Dataset records.
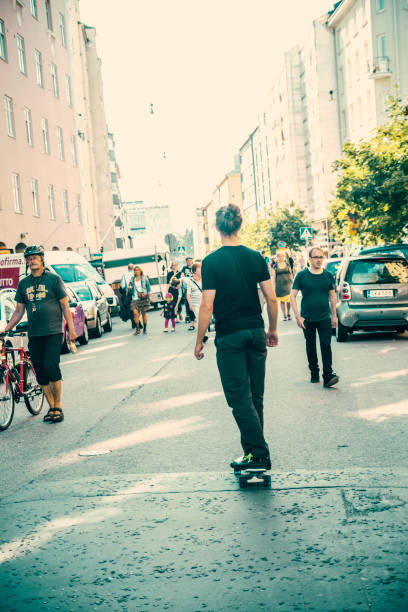 Rear view of man riding skateboard as the sun sets in the horizon. The man wears a cap and rides towards the sun.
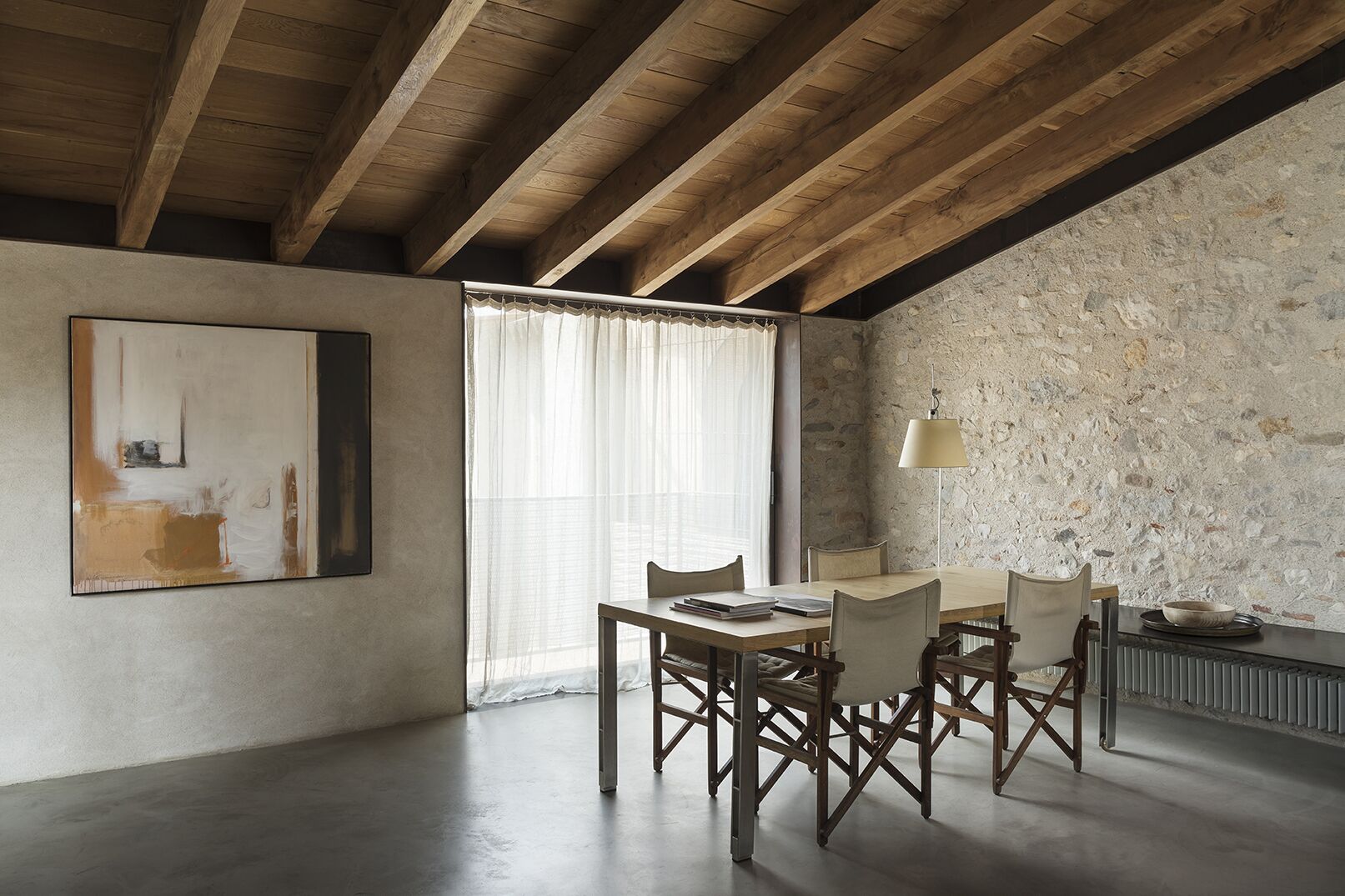 A dining area with a wooden table and chairs, a painting on the wall, a window with sheer curtains, and a stone wall.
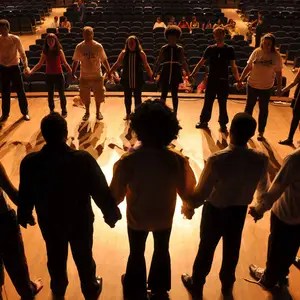 Group of people holding hands in a circle on a wooden stage in an auditorium.
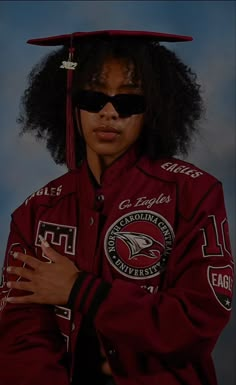 a woman wearing sunglasses and a red jacket with an eagle on it's back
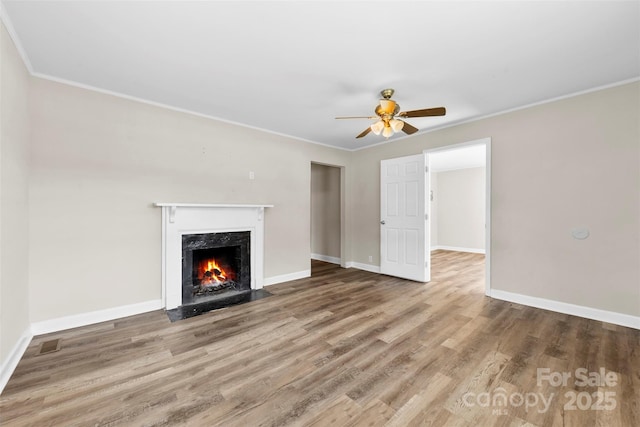 2009 Auten Rd, Gastonia, NC 28054 - unfurnished living room featuring wood finished floors, ceiling fan, a high end fireplace, baseboards, and crown molding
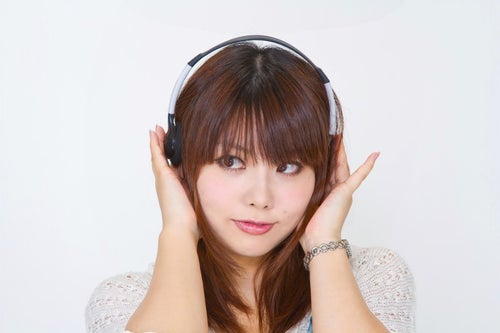 ヘッドフォンを耳に当てる女性の写真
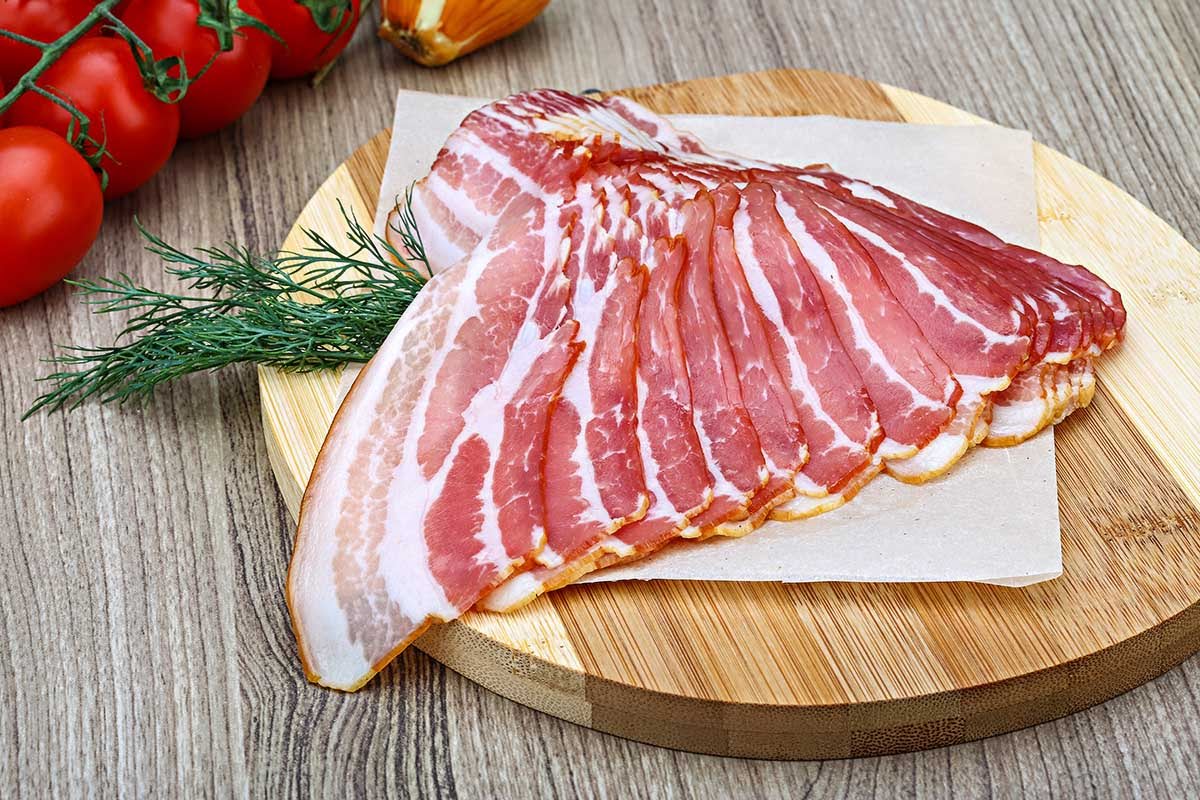 Slices of pork belly on the round cutting board. 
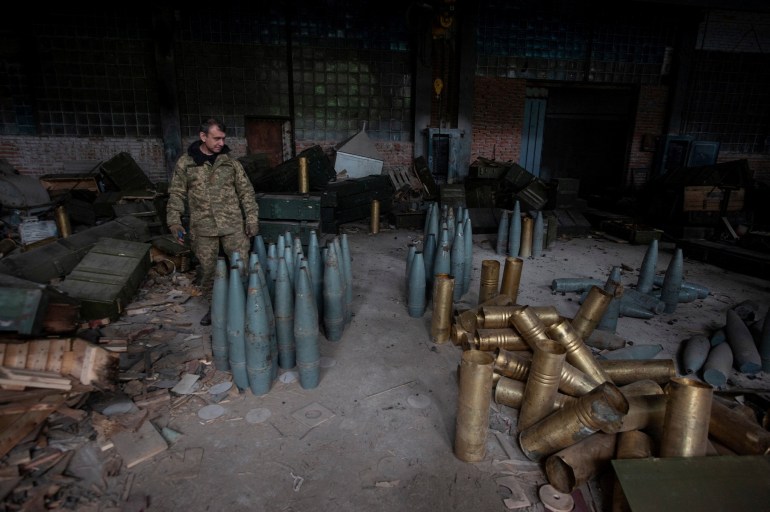 A Ukrainian service member checks Russia artillery shells captured during a counteroffensive operation, amid Russia's attack on Ukraine, near the town of Izium in Kharkiv region, Ukraine September 14, 2022. 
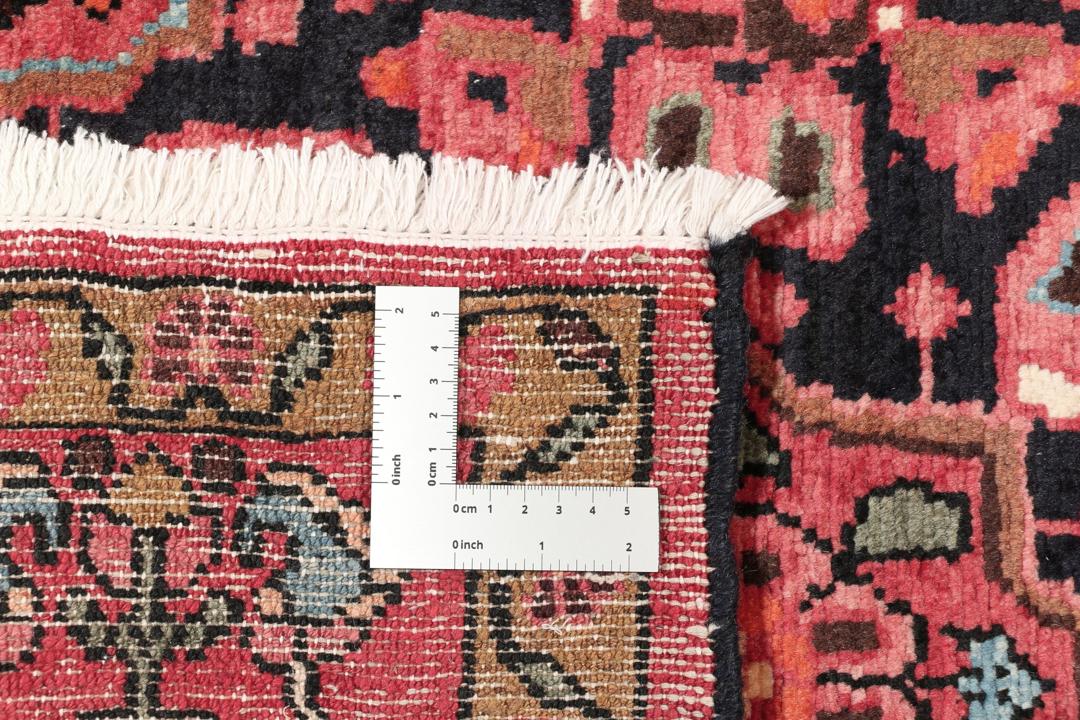 A rectangular hand-knotted Hamadan rug from the Middle East with a dark-red and black colour palette.
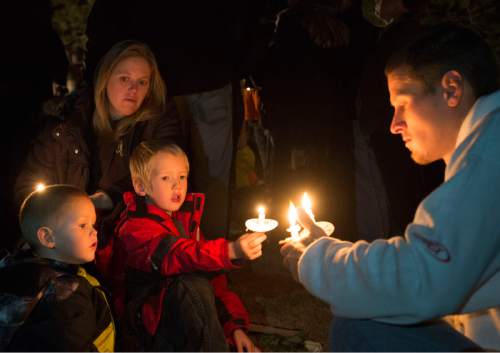 Rick Egan  |  The Salt Lake Tribune

Heath and Casey Maarse light candles for  their children, Ryker, 2, and Leland, 5 during the annual ceremony for grieving parents at the Christmas Box Angel, at the Salt Lake City Cemetery, Saturday, December 6, 2014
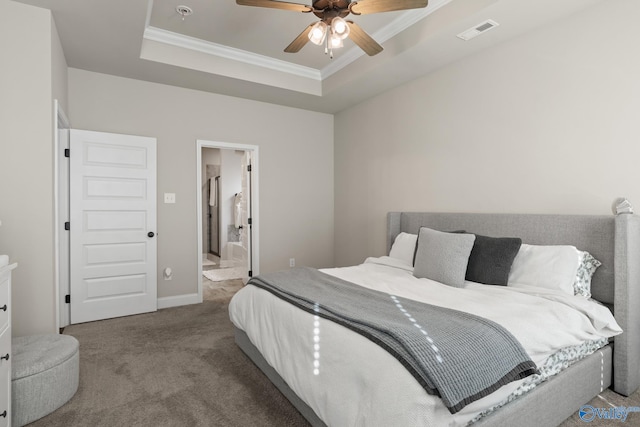 carpeted bedroom with a raised ceiling, ceiling fan, crown molding, and ensuite bathroom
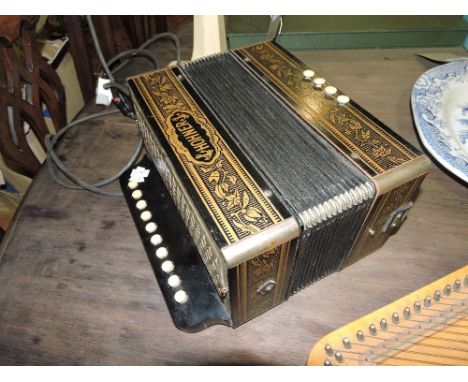 A Hohner accordion embellished with bands of gilt flowers and leaves and with leather straps
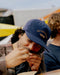 Blue 5-panel cord hat with OUTERKNOWN fish logo, side view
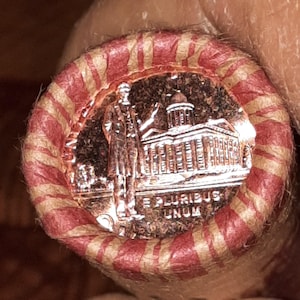 May include: A roll of U.S. coins, with a visible coin featuring a man and a building. The roll is wrapped in red and tan striped paper. The coin has the inscription "E PLURIBUS UNUM".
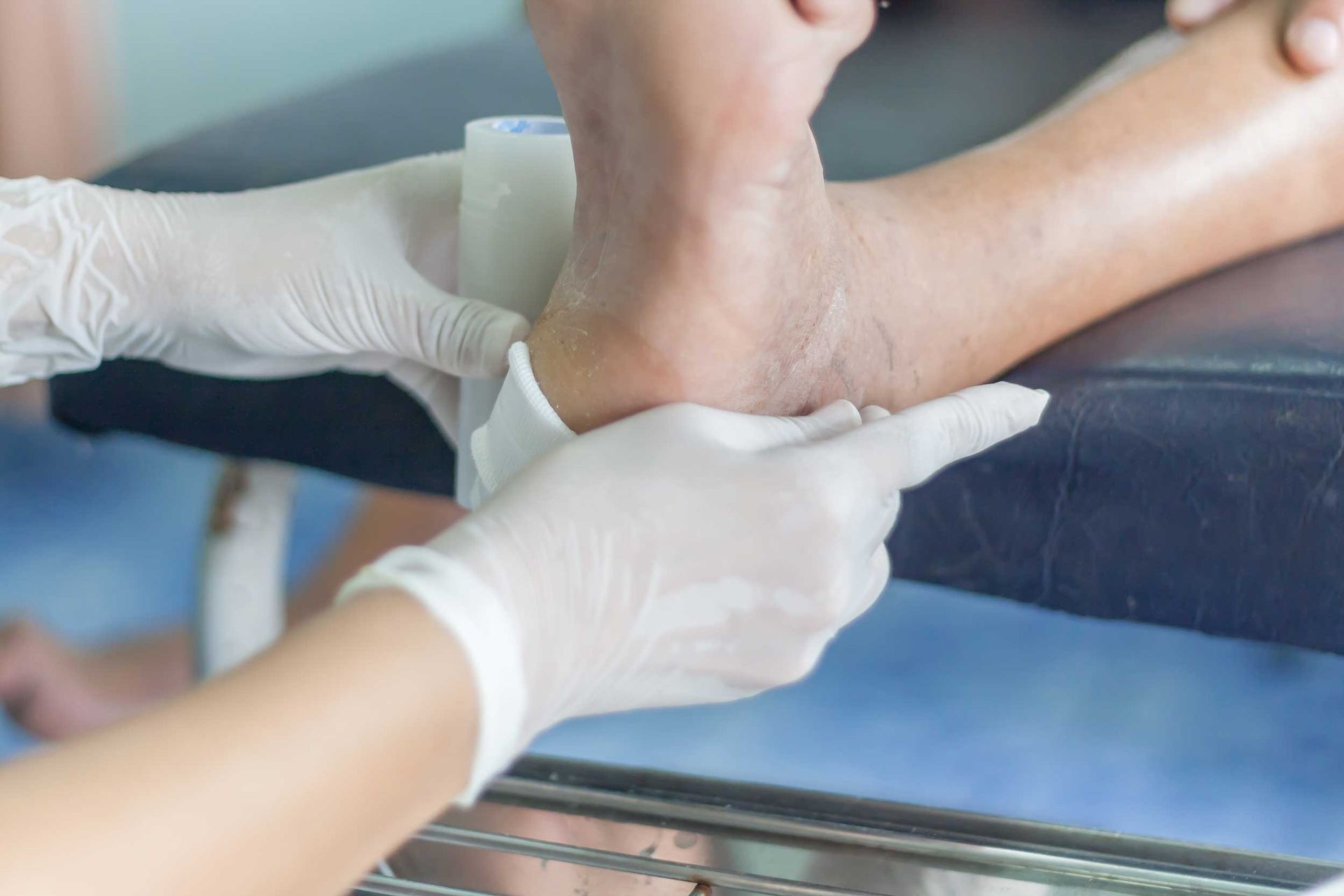 Close view of hands with gloves curing the foot of a diabetic patient. Close view of hands with gloves curing the foot of a diabetic patient.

To do.
Repeat only the lines from the line with "Heath and Casey" to the end of the entries, including both the first and the last line, and drop every picture.

Answer below.
Heath and Casey Maarse light candles for  their children, Ryker, 2, and Leland, 5 during the annual ceremony for grieving parents at the Christmas Box Angel, at the Salt Lake City Cemetery, Saturday, December 6, 2014
 carpeted bedroom with a raised ceiling, ceiling fan, crown molding, and ensuite bathroom
 A Hohner accordion embellished with bands of gilt flowers and leaves and with leather straps
 Blue 5-panel cord hat with OUTERKNOWN fish logo, side view
 May include: A roll of U.S. coins, with a visible coin featuring a man and a building. The roll is wrapped in red and tan striped paper. The coin has the inscription "E PLURIBUS UNUM".
 Close view of hands with gloves curing the foot of a diabetic patient. Close view of hands with gloves curing the foot of a diabetic patient.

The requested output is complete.